I've been following es-discuss for a short amount of time.
I'm a JS dev working on a significant code base, this biases how I
perceive ES6 issues.

>From my viewpoint by far the most important advancements provided by
ES6, eclipsing all others,
are modules and classes. This feeling is widely shared among the
developers I work with.

So I'm somewhat surprised at the lack of response to Andreas email.
Firstly I agree with Andreas point about there being an issue with the
naming and declaring of modules.

|  In the original module proposal, modules were declared via ordinary
|  lexical identifiers, but could also be imported from external sources
|  denoted by strings. In November, the proposal was changed to use
|  string-valued "module ids" for both. The motivation was to simplify
|  the language, and to provide better support for configuration and
|  concatenation.

This seems an odd change to make, a backward one in fact.

I presume that the aim of modules is to provide clean
scopes/environments, to prevent global state pollution and to aid in
structuring/separating code. Therefore you would wish modules to
provide an
abstract identifier as opposed to a concrete file path string as its identifier.

module topLevelNamespace.subNamespace {
   export MyClass {
   }
}

|  Nobody would suggest to use file paths in place of variable
|  identifiers internally. Yet, that is almost exactly what the proposal
|  does for modules!

Indeed. Working on a large code base containing hundreds of JS classes
I think it's cleaner to
deal with abstract identifiers which to correspond to namespaces as
opposed to file
locations on disk.

|  As various discussions show, people want and expect scope chain
|  behaviour, and for very good reasons: e.g. nesting modules, confining
|  modules to local scope, convenient local names, etc.
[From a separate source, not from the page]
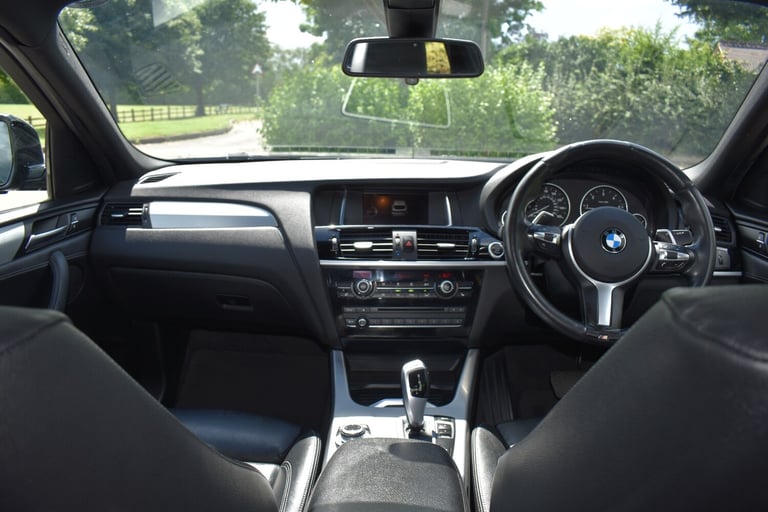 2017 BMW X4 xDrive20d M Sport 5dr Step Auto COUPE Diesel Automatic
Yes. If we create private packages in our frameworks/libraries I see
no reason for any end consumer
to have access to these internal artifacts. This is all about working
with large code bases,
privacy and integrity are very helpful in those situations.

|  (The path semantics is inherited from legacy module frameworks
|  for JS, such as AMD. It is a fine solution under the constraints that
|  these frameworks have to operate in -- in particular, the inability to
|  extend syntax or add new primitives. However, for ES6 most of these
|  constraints don't apply, and there is no particular reason to limit
|  the design to making the same compromises.)

To produce such a design purely to serve the needs of old module
systems seems a poor choice to me.
Over time the standard mechanism will eclipse all other module systems
even if it provides no upgrade
path for the old systems purely because it is the standard system. As
long as it is not a totally broken
design. The only time I would be willing to invest learning about the
old module systems would be when
I want to convert an old module to the new system so I can dump the old system.

There is far more code that is not using modules than code that is.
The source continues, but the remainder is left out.